American Journal of Science
- Discipline: Earth Science
- Language: English

Publication details
- History: 1818–present
- Publisher: American Journal of Science (United States of America)
- Frequency: 10/year
- Impact factor: 2.917 (2014)

Standard abbreviations
- ISO 4: Am. J. Sci.

Indexing
- ISSN: 0002-9599 (print) 1945-452X (web)

Links
- Journal homepage; Yale University page;

= American Journal of Science =

The American Journal of Science (AJS) is the United States of America's longest-running scientific journal, having been published continuously since its conception in 1818 by Professor Benjamin Silliman, who edited and financed it himself. It was initially called the American Journal of Science and Arts until a name change in 1880, but its focus was always on natural sciences and especially on geology and related subjects.

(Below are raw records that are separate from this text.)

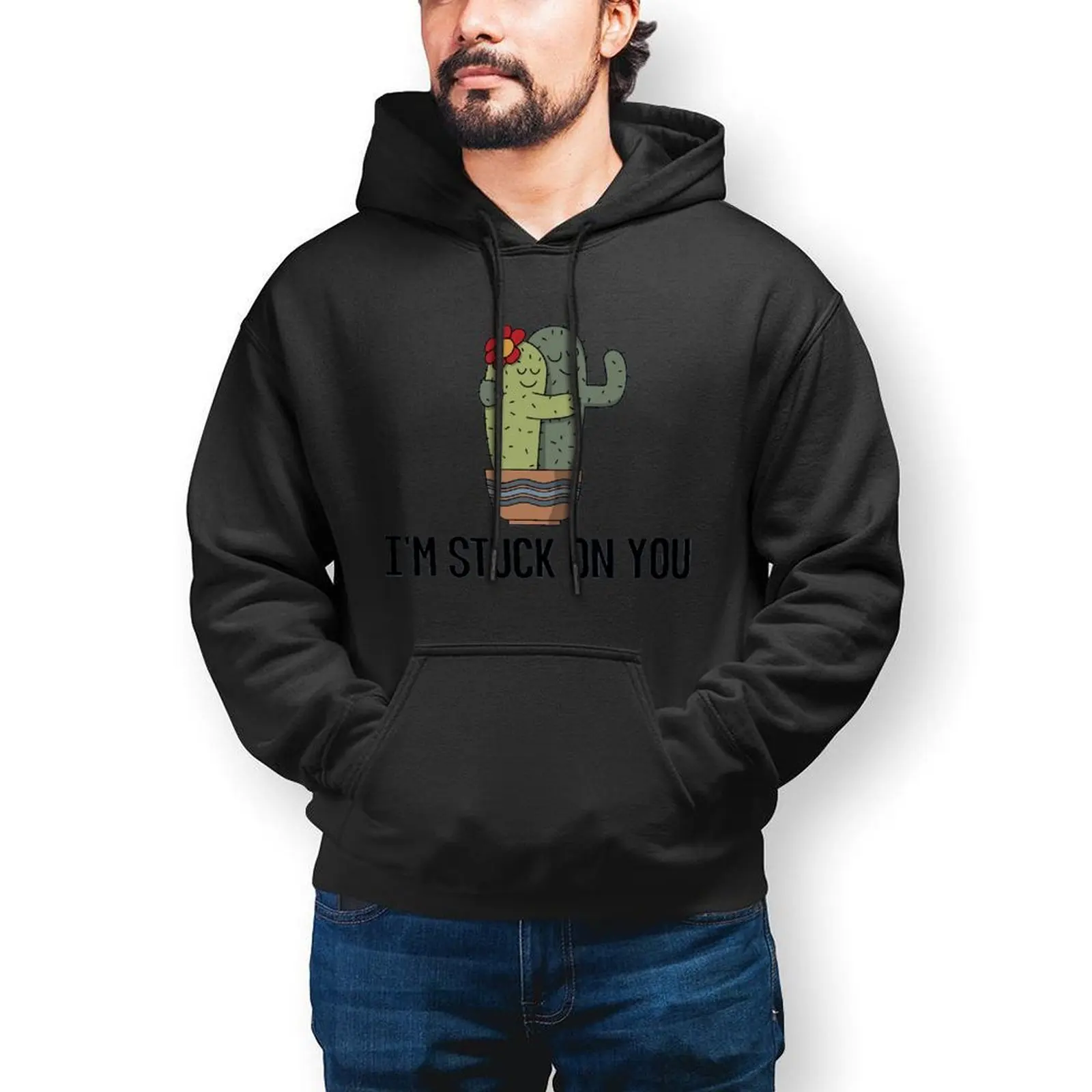 

I M Stuck On You Loose Hoodies Man Funny Cactus Street Style Hoodie Spring Funny Custom Sweatshirts Plus Size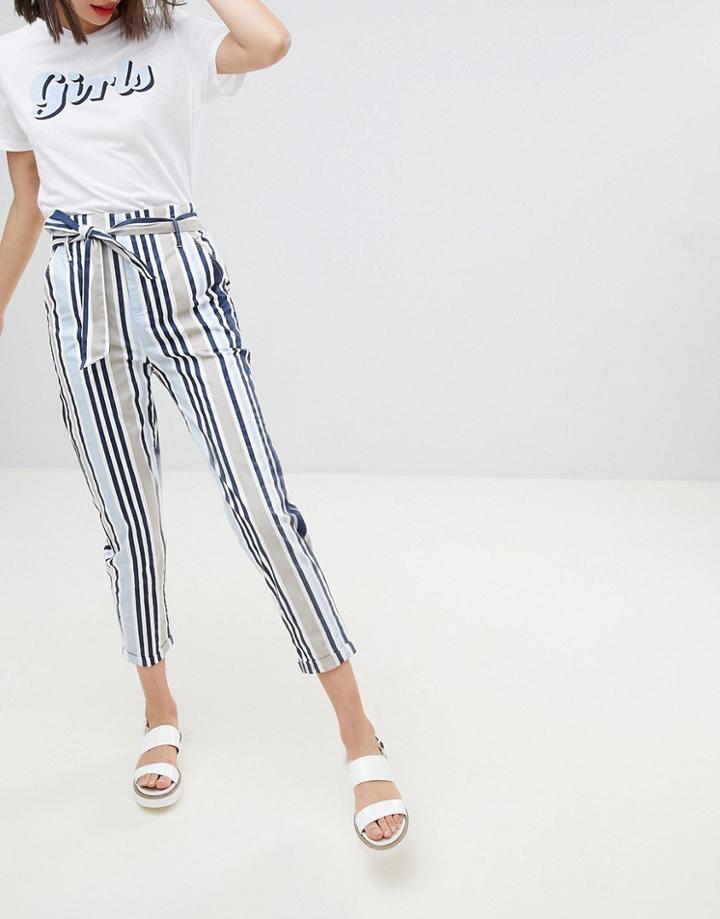 Stradivarius Stripe Print Tie Waist Pants - Multi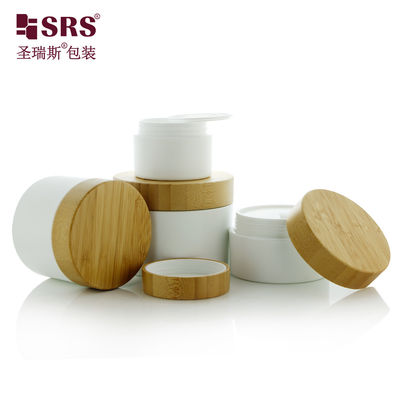 kopen 50g 100g 150g 250g Matte Frosted PP Plastic Jar Met Echte Bamboe Cap Aanpassing crème containers online manufacture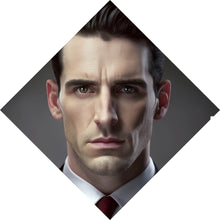 Lade das Bild in den Galerie-Viewer, Aluminiumbild gebürstet Eleganter Mann und Sportwagen vor moderner Architektur Raute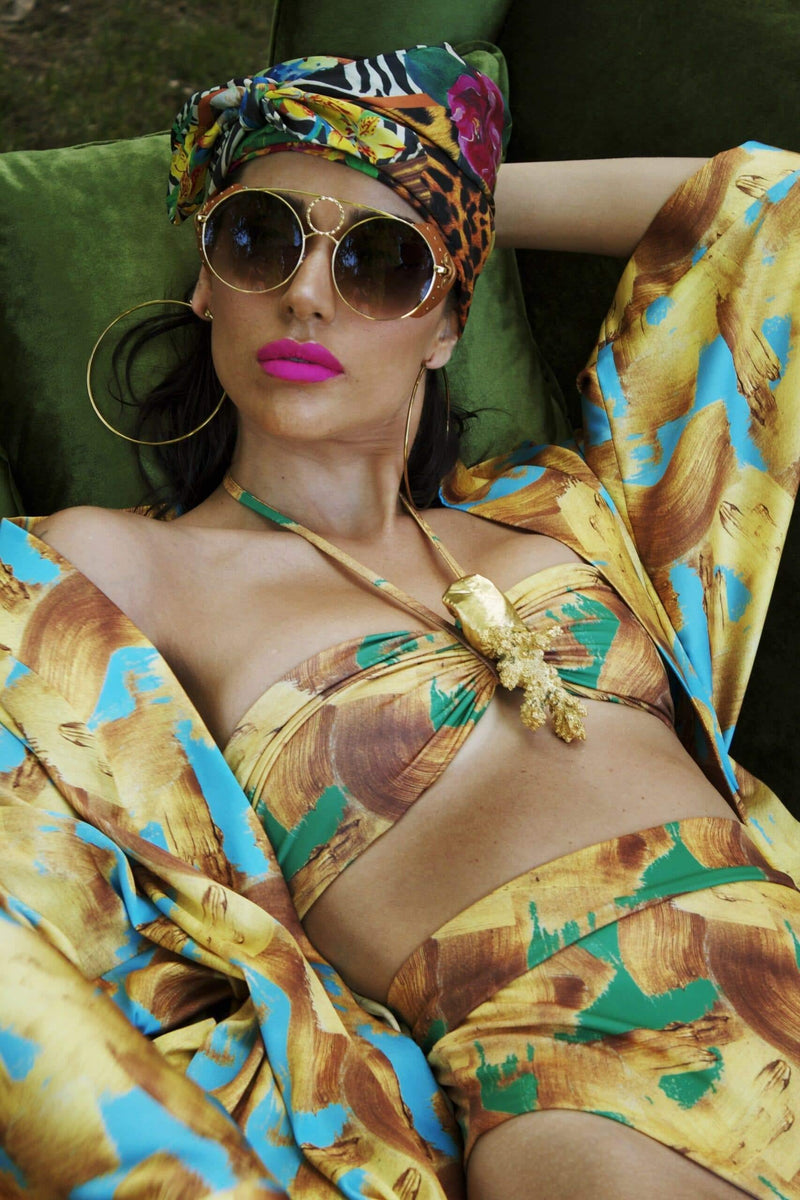 CONJUNTO PIN STRAPLESS MANCHA ORO VERDE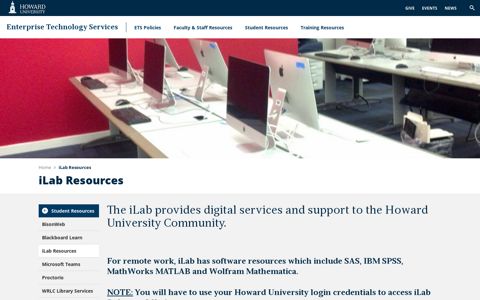 iLab Resources | Howard University Enterprise Technology ...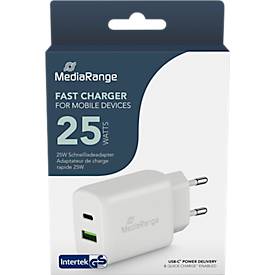 MediaRange Schnellladeadapter 25 W, Eurostecker, USB-A/USB-C, weiß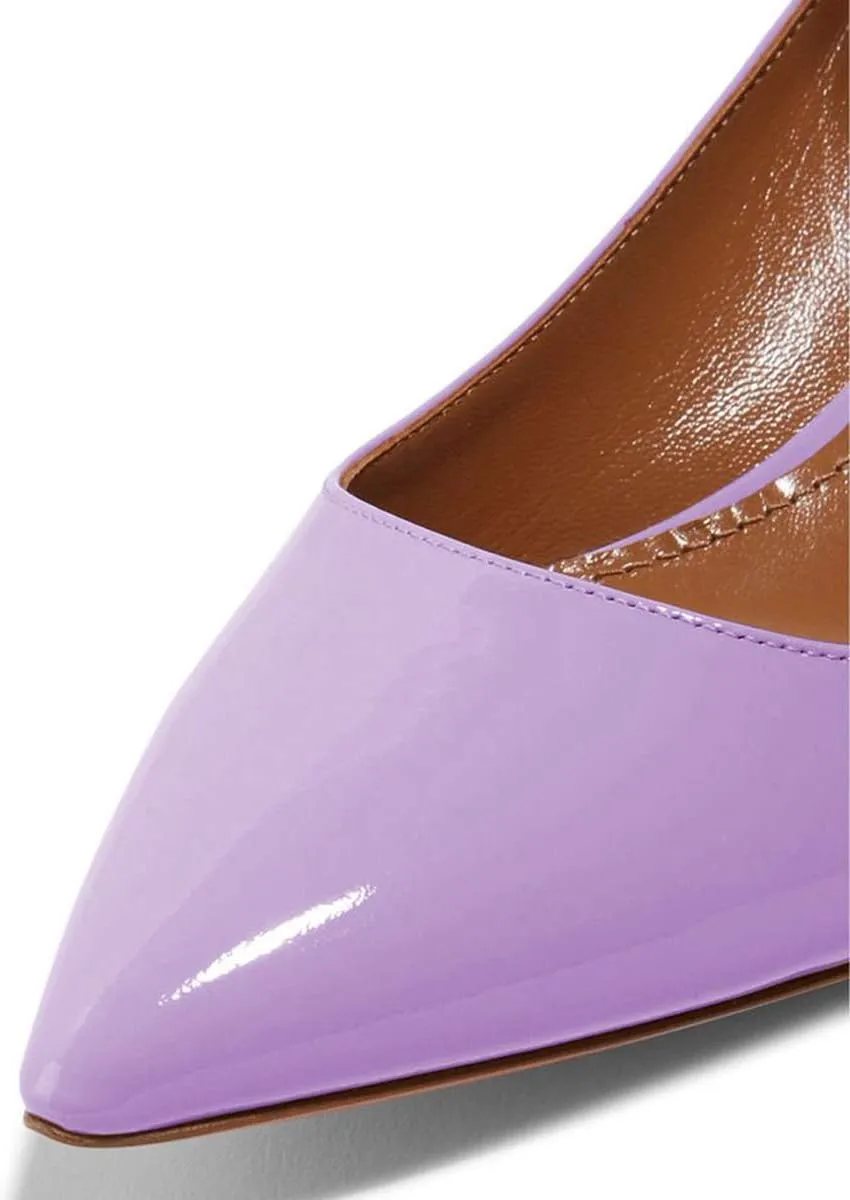 XYD Women's Patent Leather Glossy Closed Pointy Toe Kitten Low Heel Pumps Ankle Strap Buckled Party Dress Shoes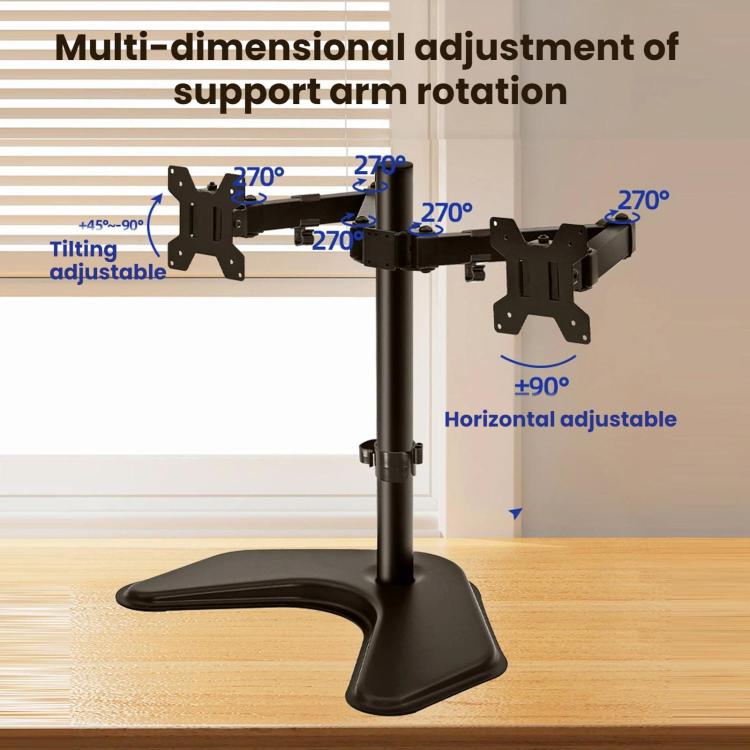 Dual-Screen LCD Monitor Telescopic Rotating Dual-Arm Stand, ZX-MT022N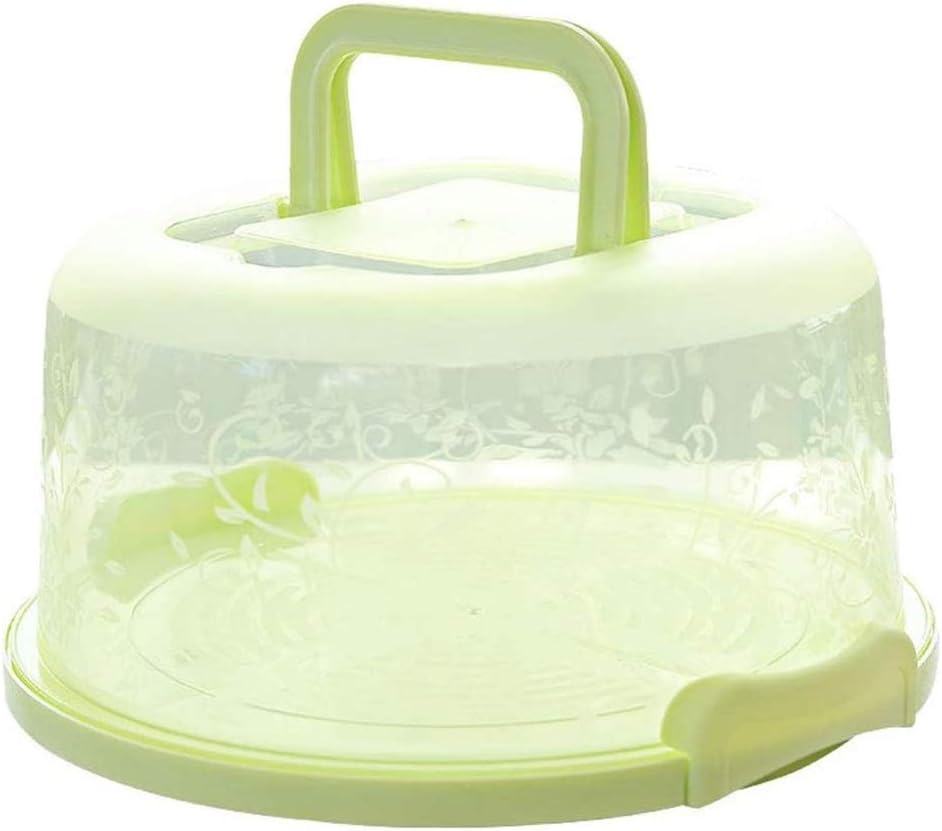 EVGATSAUTO Cupcake Carrier Food Preservation Box with Handle Transparent Cake Box for Parties Events Picnics Family Outings (Green)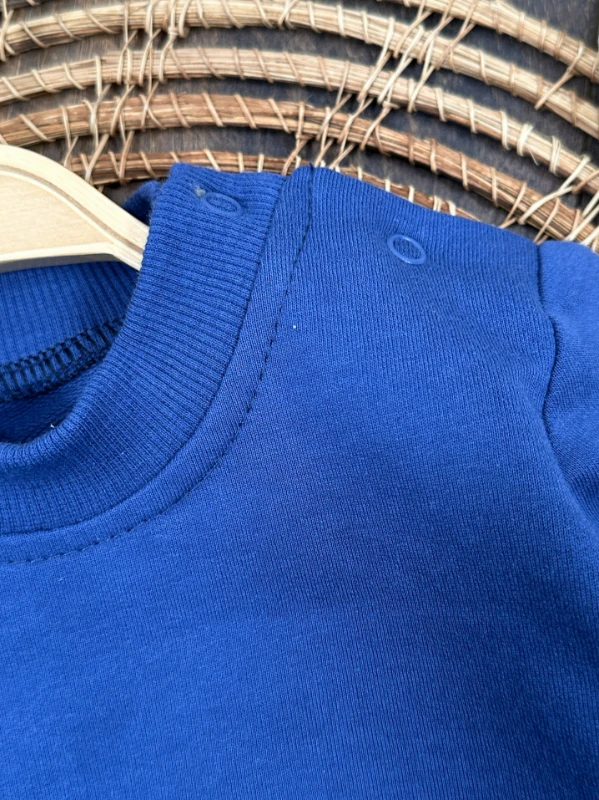 Çizgili Safari Şapkalı Omuzdan Çıtçıtlı Sweatshirt Salopet 3lü Erkek Bebek Takım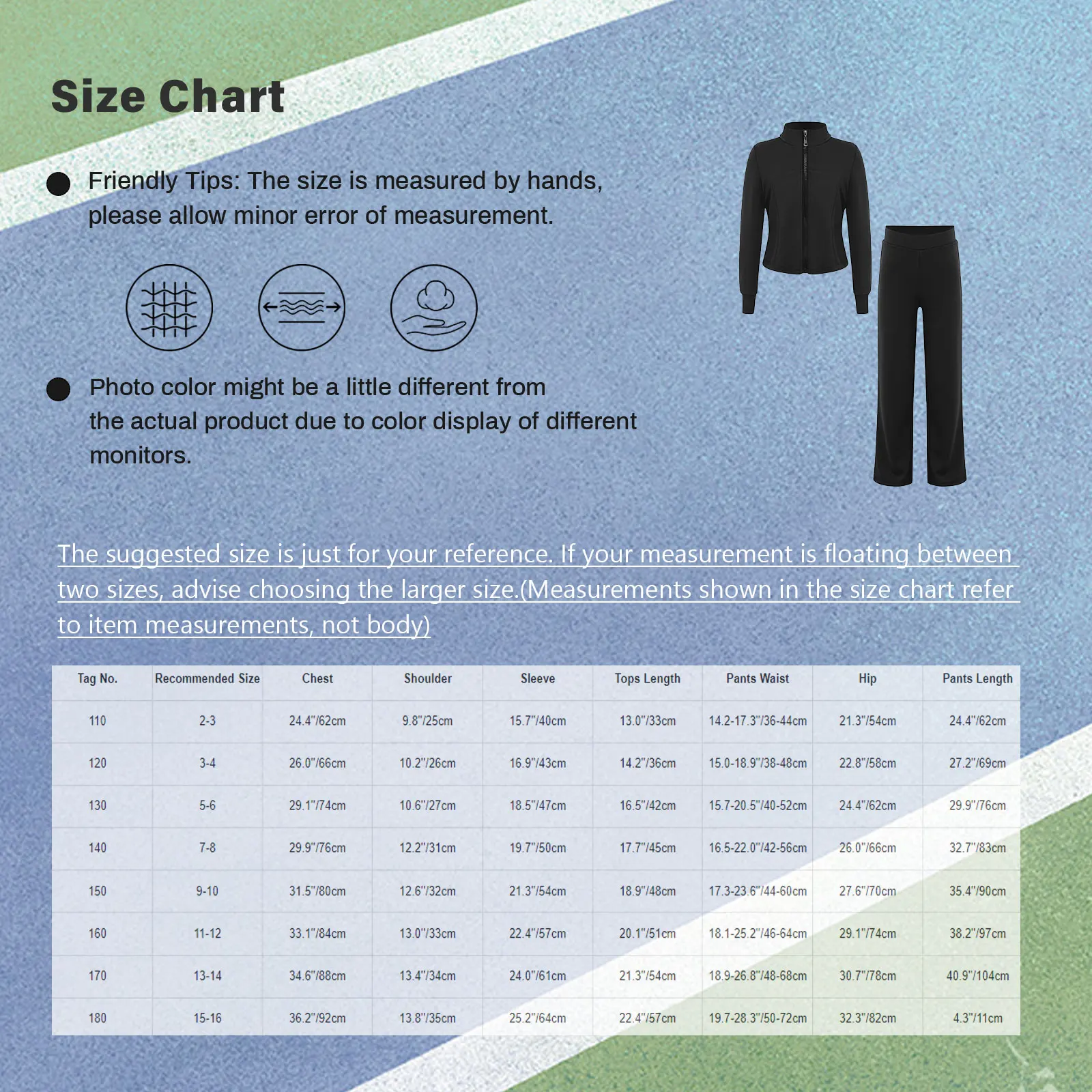 طقم ملابس رياضية لممارسة الرقص الحديث الغنائي للفتيات الصغيرات بأكمام طويلة مع بنطال لممارسة التمارين والجري #6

In early years, the journal was often referred to as "Silliman's Journal", and the publication became associated with Yale University due to his long tenure there (1804–1853). The editorship long remained in the family of Professor Silliman, as he was assisted by his son, Benjamin Silliman Jr., from 1838. On the death of the elder Silliman in 1864, he was succeeded as chief editor by his son-in-law, James Dwight Dana, and then from 1895 till 1926 by Dana's son Edward Salisbury Dana. Associate editors included the botanist Asa Gray and the zoologist Louis Agassiz.

The current editors are Mark Brandon Yale University, C. Page Chamberlain Stanford University, Louis Derry Cornell University, Francis Macdonald UC Berkeley, and Ann Pearson Harvard University.